** Task material **
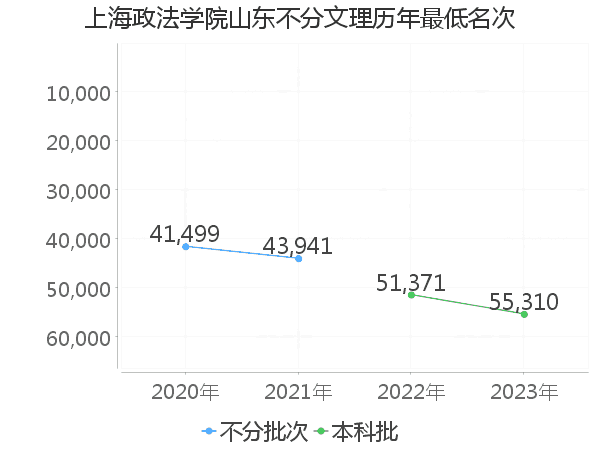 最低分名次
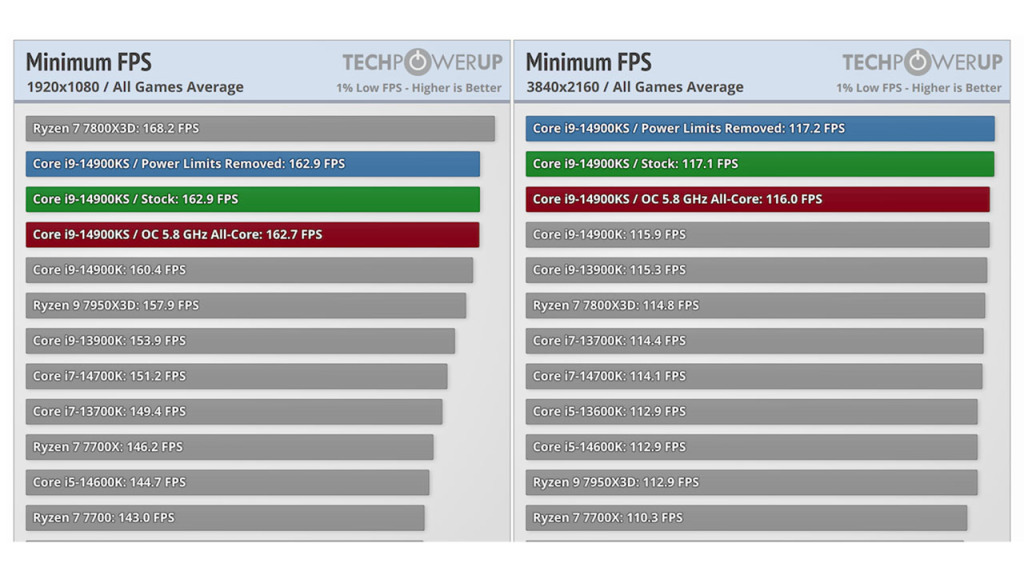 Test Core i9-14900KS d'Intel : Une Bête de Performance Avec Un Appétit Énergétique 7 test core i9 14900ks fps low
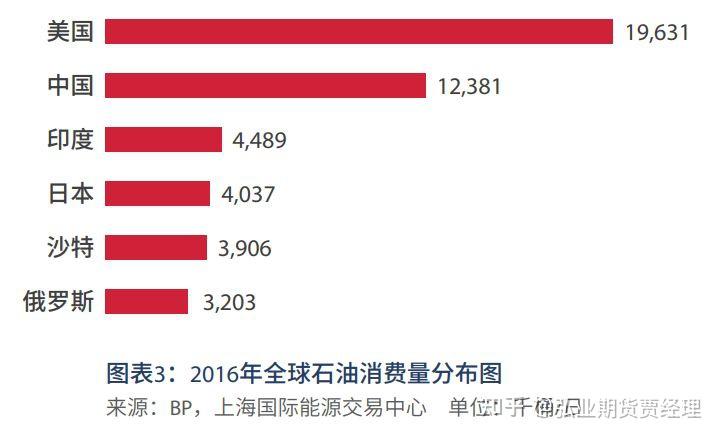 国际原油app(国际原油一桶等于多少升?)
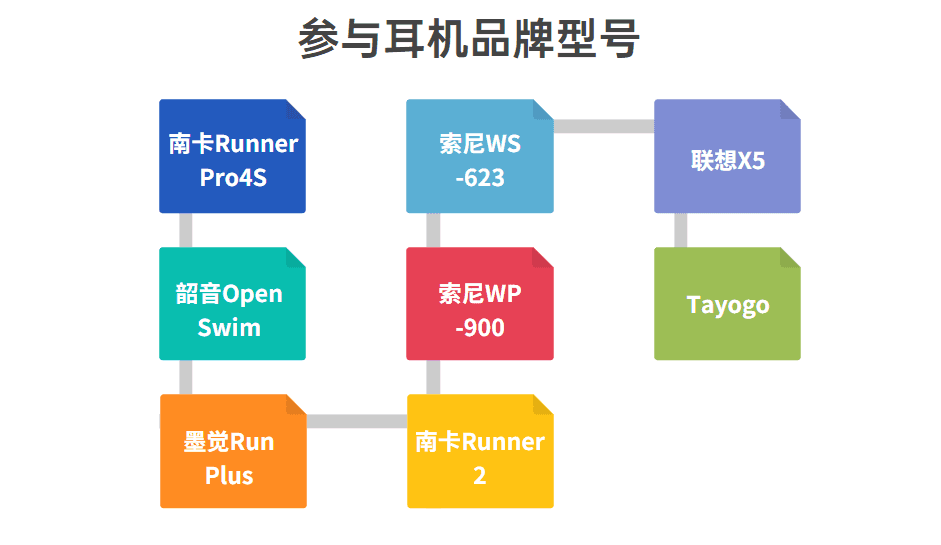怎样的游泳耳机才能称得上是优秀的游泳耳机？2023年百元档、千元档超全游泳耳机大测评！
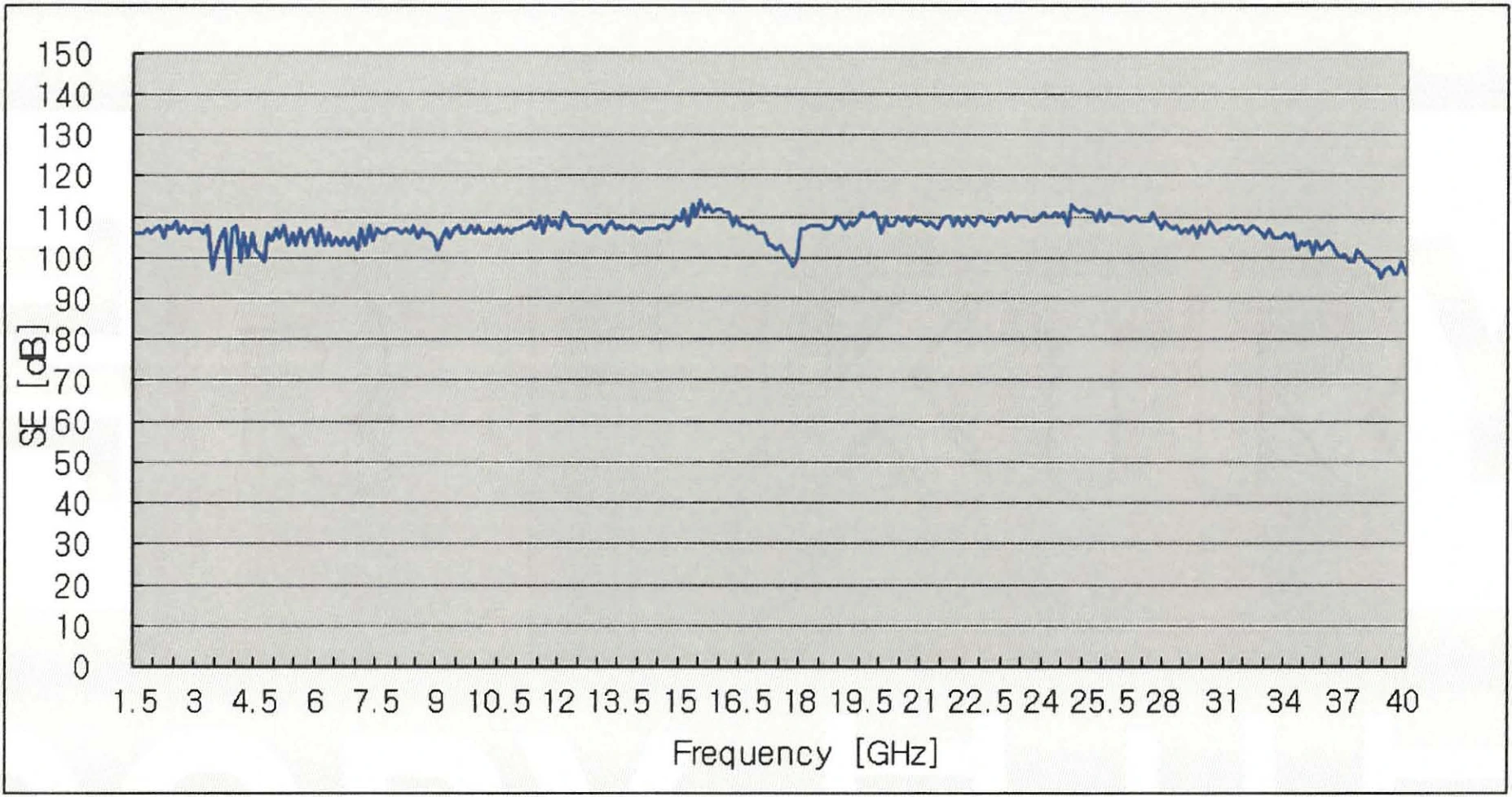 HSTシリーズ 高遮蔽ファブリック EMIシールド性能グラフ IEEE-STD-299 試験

** About this exercise **
Could you copy out every record exactly, minus the pictures?

** Result **
 最低分名次
 Test Core i9-14900KS d'Intel : Une Bête de Performance Avec Un Appétit Énergétique 7 test core i9 14900ks fps low
 国际原油app(国际原油一桶等于多少升?)
怎样的游泳耳机才能称得上是优秀的游泳耳机？2023年百元档、千元档超全游泳耳机大测评！
 HSTシリーズ 高遮蔽ファブリック EMIシールド性能グラフ IEEE-STD-299 試験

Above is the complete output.